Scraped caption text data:
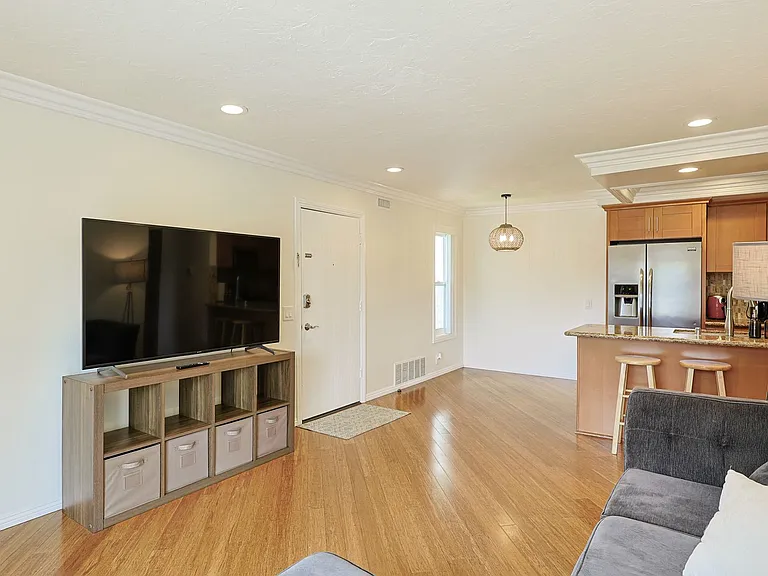 3157 Evening Way #D — Photo 6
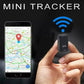 Frendorf | Mini Echtzeit GPS Tracker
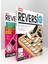 Reversi RD5128 1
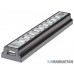 MANHATTAN 161572 Hub USB MANHATTAN 161572 Hub USB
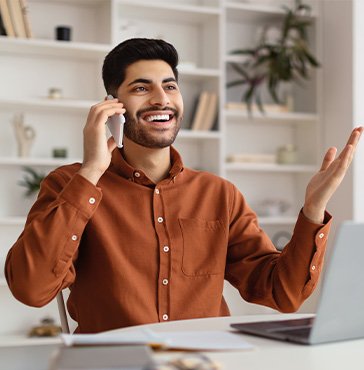 consultation de voyance par téléphone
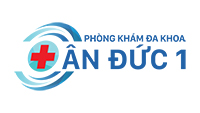 PK. Đa khoa Ân Đức 1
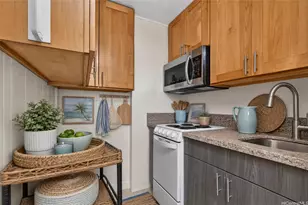 516 Panui St, Honolulu, HI 96817 - Photo 15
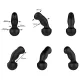Nexus Gyro Vibe EXTREME Prostate Vibration Massager: массаж простаты без рук, новый размер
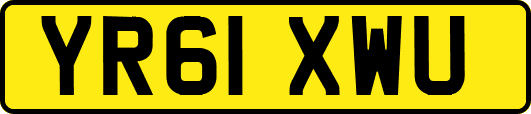 YR61XWU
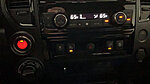 Used 2024 NISSAN TITAN PRO-4X in GREENVILLE, SOUTH CAROLINA (Photo 13)
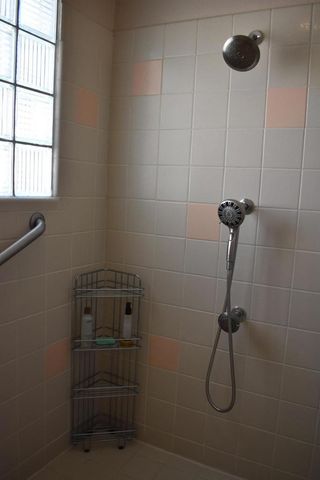 43705 Louisiana Street, Palm Desert, CA 92211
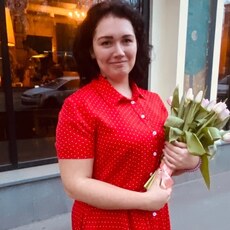 Снежана, 32, Санкт-Петербург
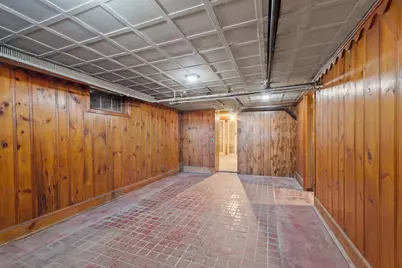 121 Waterford St, Gardner, MA 01440 - Photo 39
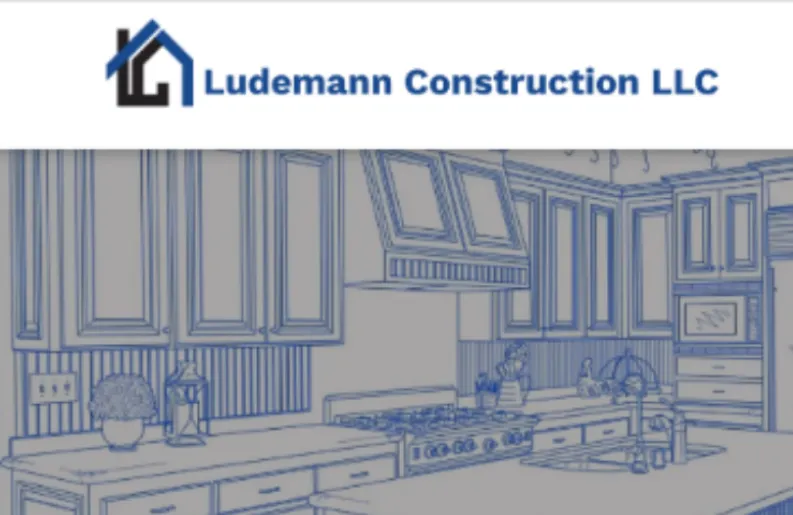 Slide of Ludemann Construction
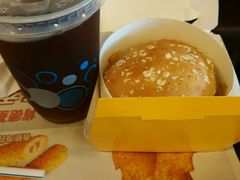 android_upload_pic-肯德基(宝龙店)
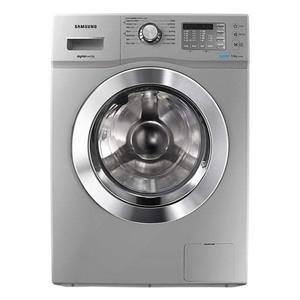 ماشین لباسشویی سامسونگ مدل J1432BSC/HAC با ظرفیت 7 کیلوگرم Samsung J1432BSC/HAC Washing Machine - 7 Kg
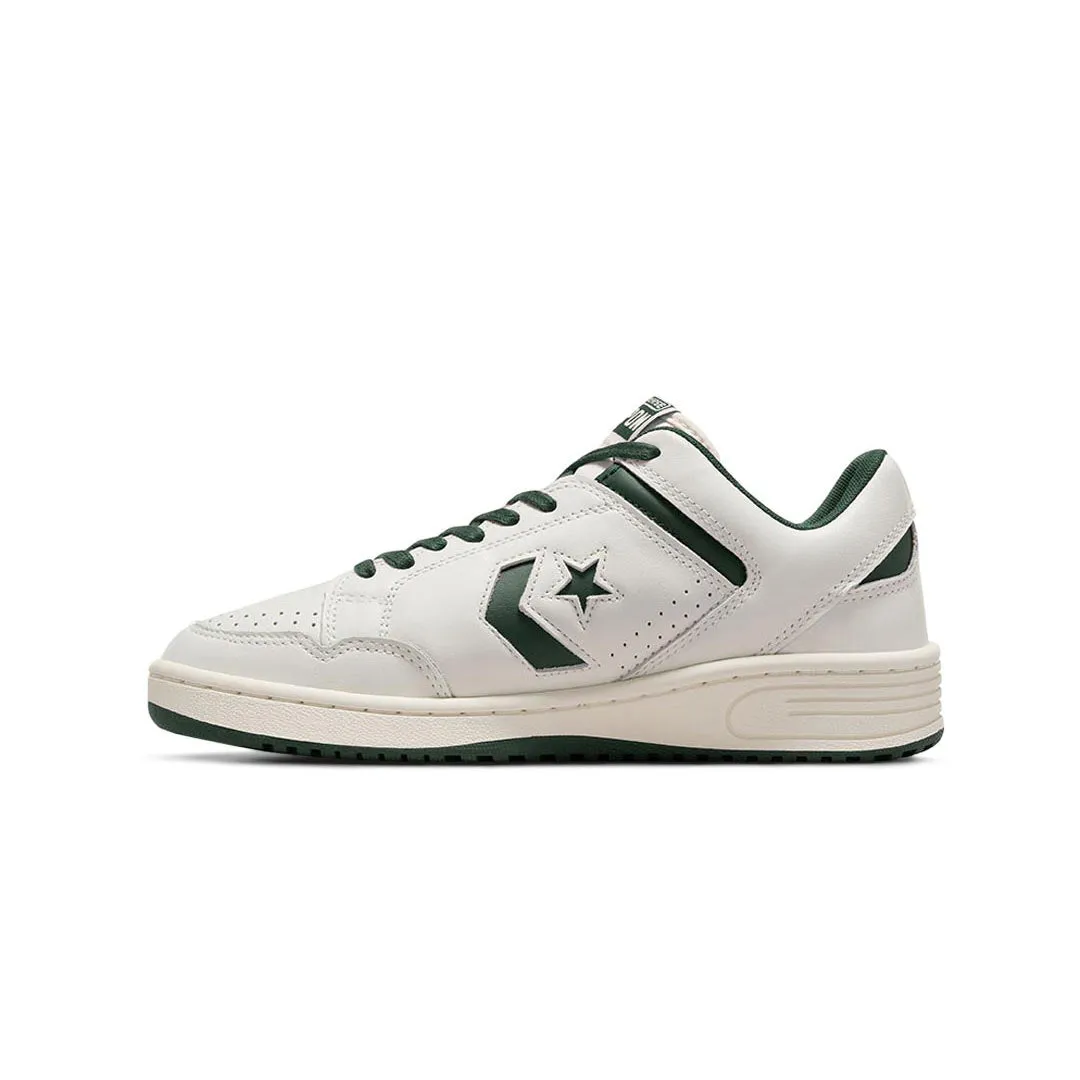 Converse - Chaussures Unisex Weapon (A11212C)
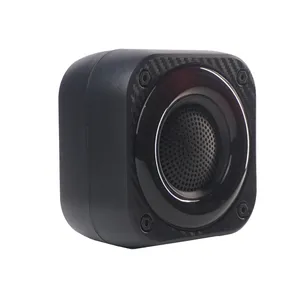 اسپیکر بلوتوثی قابل حمل مدل T1-205S
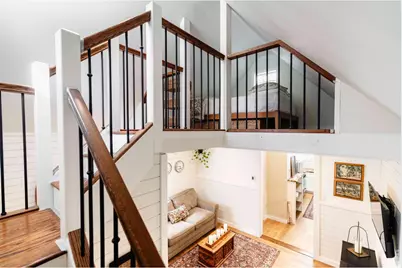 7533 Joel Pl, Johnstown, CO 80534 - Photo 44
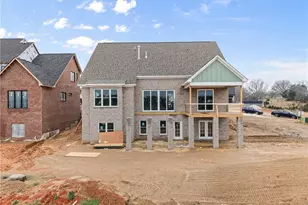 727 Royal Jasmine Ct, Winston-Salem, NC 27106 - Photo 25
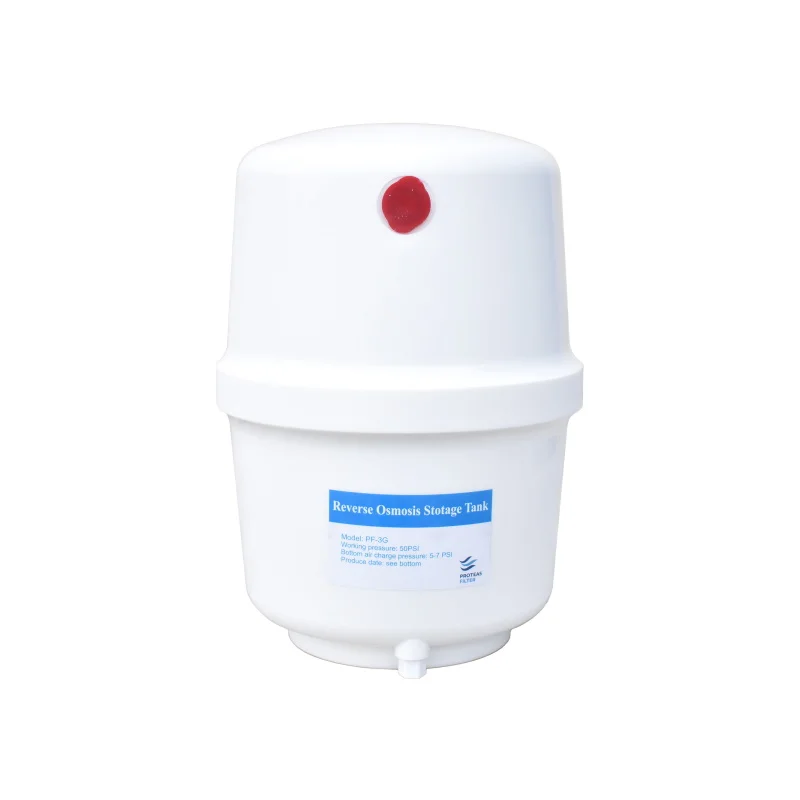 EW-041-0300-site Δοχείο διαστολής 11L (3G) - Image 1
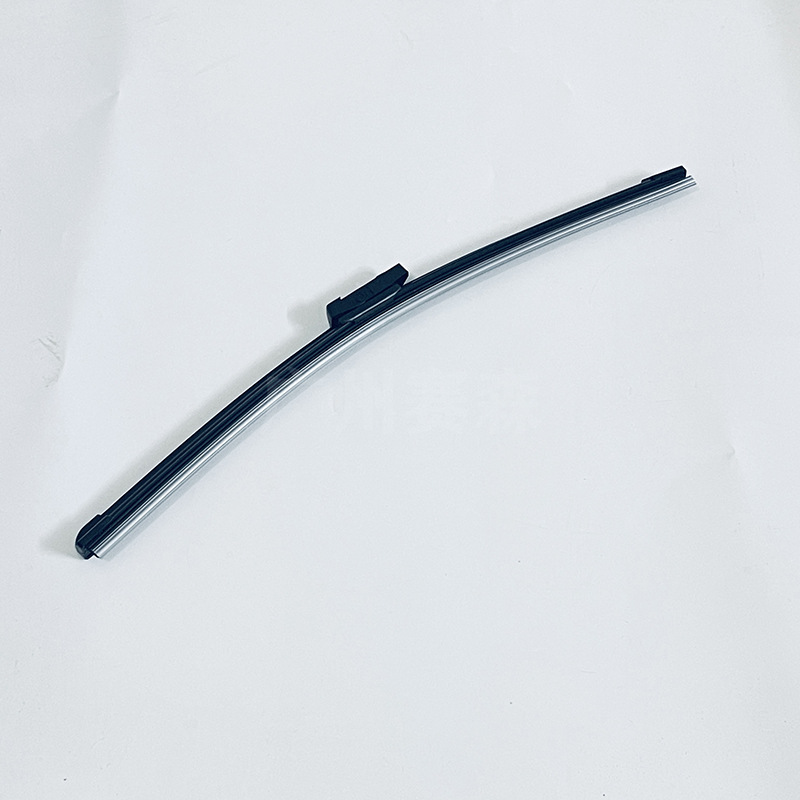 Suitable for Tesla Modely/Model3 Front Windshield Wiper Blades 1490247/1076731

» **THE TASK**:
Look above for the line with "121 Waterford St, Gardner, MA" and the line with "Converse - Chaussures"; set down those two lines and all lines between them exactly, without pictures and without anything else.

» **ANSWER TO THIS EXERCISE**:
 121 Waterford St, Gardner, MA 01440 - Photo 39
 Slide of Ludemann Construction
 android_upload_pic-肯德基(宝龙店)
 ماشین لباسشویی سامسونگ مدل J1432BSC/HAC با ظرفیت 7 کیلوگرم Samsung J1432BSC/HAC Washing Machine - 7 Kg
 Converse - Chaussures Unisex Weapon (A11212C)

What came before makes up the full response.